The announcement arrives at a complicated moment. ByteDance, TikTok’s Chinese parent company, narrowly avoided a US ban in January over data protection concerns.

In Europe, regulators and governments are intensifying pressure on social media platforms over children’s safety, a dynamic that makes the company’s willingness to commit billions to European infrastructure both a business necessity and a political calculation.

On the same day TikTok announced the Lahti centre, Greece announced it would ban children under 15 from social media altogether from January 2027, with its prime minister explicitly calling on the EU to follow suit.

The political reception in Finland has been uneven. Finland’s defence ministry approved the first data centre investment in 2024 without informing elected politicians.

Wille Rydman, who was then minister of economic affairs, publicly called for the project to be “reconsidered” when it became public, citing security concerns and what he described as a lack of transparency around the company’s plans.

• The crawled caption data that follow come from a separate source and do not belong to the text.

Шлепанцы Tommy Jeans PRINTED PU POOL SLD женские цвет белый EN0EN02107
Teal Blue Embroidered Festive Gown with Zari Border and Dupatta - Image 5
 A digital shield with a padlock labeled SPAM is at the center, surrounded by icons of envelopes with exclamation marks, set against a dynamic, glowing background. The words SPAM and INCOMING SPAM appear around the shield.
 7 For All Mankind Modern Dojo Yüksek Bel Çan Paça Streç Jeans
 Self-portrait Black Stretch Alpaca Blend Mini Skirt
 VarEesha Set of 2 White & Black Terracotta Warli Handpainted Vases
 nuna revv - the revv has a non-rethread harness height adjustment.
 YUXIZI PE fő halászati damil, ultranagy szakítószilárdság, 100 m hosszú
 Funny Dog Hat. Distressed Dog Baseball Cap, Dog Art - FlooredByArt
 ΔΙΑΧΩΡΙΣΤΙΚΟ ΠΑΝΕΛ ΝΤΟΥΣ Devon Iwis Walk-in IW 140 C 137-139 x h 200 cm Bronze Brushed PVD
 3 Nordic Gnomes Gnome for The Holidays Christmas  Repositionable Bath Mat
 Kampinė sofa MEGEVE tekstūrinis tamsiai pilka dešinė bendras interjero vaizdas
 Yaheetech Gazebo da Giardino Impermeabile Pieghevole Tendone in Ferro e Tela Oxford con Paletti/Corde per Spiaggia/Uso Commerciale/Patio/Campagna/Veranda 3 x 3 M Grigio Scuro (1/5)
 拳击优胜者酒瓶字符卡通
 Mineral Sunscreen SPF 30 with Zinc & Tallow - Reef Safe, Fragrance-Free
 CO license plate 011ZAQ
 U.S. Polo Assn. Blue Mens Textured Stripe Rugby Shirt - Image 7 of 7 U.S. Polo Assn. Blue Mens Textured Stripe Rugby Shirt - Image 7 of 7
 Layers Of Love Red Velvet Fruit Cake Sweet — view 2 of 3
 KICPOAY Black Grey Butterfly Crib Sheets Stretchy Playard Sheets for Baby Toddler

Rydman told Finland’s public broadcaster Yle that he hoped TikTok’s local property partner would reconsider whether it wanted TikTok as a tenant. The mayor of Lahti, Niko Kyynäräinen, took a different view, welcoming the investment as substantial for a city of its size.

Finland has become an increasingly popular location for hyperscale data centre investment, attracting major operators including Microsoft and Google, in part because of its cool climate, access to low-cost renewable energy, and stable regulatory environment.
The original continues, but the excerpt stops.